[Records supplied — start]
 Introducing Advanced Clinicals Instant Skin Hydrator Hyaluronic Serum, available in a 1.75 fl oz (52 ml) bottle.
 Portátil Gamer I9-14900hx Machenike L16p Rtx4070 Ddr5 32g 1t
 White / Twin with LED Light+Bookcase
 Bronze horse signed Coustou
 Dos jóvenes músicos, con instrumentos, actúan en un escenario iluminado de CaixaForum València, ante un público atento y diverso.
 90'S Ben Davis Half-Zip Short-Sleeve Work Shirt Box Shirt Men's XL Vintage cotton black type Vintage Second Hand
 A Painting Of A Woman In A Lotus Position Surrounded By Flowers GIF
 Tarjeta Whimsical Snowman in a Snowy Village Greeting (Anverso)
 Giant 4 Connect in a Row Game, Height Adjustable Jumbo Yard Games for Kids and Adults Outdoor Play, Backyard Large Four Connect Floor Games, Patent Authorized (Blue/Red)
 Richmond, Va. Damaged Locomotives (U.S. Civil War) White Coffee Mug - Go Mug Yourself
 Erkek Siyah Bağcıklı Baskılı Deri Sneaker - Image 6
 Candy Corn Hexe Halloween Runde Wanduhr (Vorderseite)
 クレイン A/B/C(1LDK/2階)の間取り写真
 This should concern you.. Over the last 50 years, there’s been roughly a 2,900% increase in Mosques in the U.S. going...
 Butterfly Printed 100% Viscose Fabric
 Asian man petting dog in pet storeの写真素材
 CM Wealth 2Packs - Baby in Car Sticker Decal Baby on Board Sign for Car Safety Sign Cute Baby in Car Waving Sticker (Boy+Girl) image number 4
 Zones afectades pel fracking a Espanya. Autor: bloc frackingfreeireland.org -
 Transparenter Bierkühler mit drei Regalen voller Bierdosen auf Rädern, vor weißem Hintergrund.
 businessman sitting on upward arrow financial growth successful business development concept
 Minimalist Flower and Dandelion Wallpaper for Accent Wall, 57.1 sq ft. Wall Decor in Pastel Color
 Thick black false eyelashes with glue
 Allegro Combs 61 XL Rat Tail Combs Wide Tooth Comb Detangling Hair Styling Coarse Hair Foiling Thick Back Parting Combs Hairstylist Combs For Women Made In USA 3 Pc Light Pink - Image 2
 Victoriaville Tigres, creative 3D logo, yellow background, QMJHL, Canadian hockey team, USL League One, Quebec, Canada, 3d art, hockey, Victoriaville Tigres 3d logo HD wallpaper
[Records supplied — finish]
== What the exercise asks ==
Write out each entry once more, exactly as it was given.

== Task answer ==
 Introducing Advanced Clinicals Instant Skin Hydrator Hyaluronic Serum, available in a 1.75 fl oz (52 ml) bottle.
 Portátil Gamer I9-14900hx Machenike L16p Rtx4070 Ddr5 32g 1t
 White / Twin with LED Light+Bookcase
 Bronze horse signed Coustou
 Dos jóvenes músicos, con instrumentos, actúan en un escenario iluminado de CaixaForum València, ante un público atento y diverso.
 90'S Ben Davis Half-Zip Short-Sleeve Work Shirt Box Shirt Men's XL Vintage cotton black type Vintage Second Hand
 A Painting Of A Woman In A Lotus Position Surrounded By Flowers GIF
 Tarjeta Whimsical Snowman in a Snowy Village Greeting (Anverso)
 Giant 4 Connect in a Row Game, Height Adjustable Jumbo Yard Games for Kids and Adults Outdoor Play, Backyard Large Four Connect Floor Games, Patent Authorized (Blue/Red)
 Richmond, Va. Damaged Locomotives (U.S. Civil War) White Coffee Mug - Go Mug Yourself
 Erkek Siyah Bağcıklı Baskılı Deri Sneaker - Image 6
 Candy Corn Hexe Halloween Runde Wanduhr (Vorderseite)
 クレイン A/B/C(1LDK/2階)の間取り写真
 This should concern you.. Over the last 50 years, there’s been roughly a 2,900% increase in Mosques in the U.S. going...
 Butterfly Printed 100% Viscose Fabric
 Asian man petting dog in pet storeの写真素材
 CM Wealth 2Packs - Baby in Car Sticker Decal Baby on Board Sign for Car Safety Sign Cute Baby in Car Waving Sticker (Boy+Girl) image number 4
 Zones afectades pel fracking a Espanya. Autor: bloc frackingfreeireland.org -
 Transparenter Bierkühler mit drei Regalen voller Bierdosen auf Rädern, vor weißem Hintergrund.
 businessman sitting on upward arrow financial growth successful business development concept
 Minimalist Flower and Dandelion Wallpaper for Accent Wall, 57.1 sq ft. Wall Decor in Pastel Color
 Thick black false eyelashes with glue
 Allegro Combs 61 XL Rat Tail Combs Wide Tooth Comb Detangling Hair Styling Coarse Hair Foiling Thick Back Parting Combs Hairstylist Combs For Women Made In USA 3 Pc Light Pink - Image 2
 Victoriaville Tigres, creative 3D logo, yellow background, QMJHL, Canadian hockey team, USL League One, Quebec, Canada, 3d art, hockey, Victoriaville Tigres 3d logo HD wallpaper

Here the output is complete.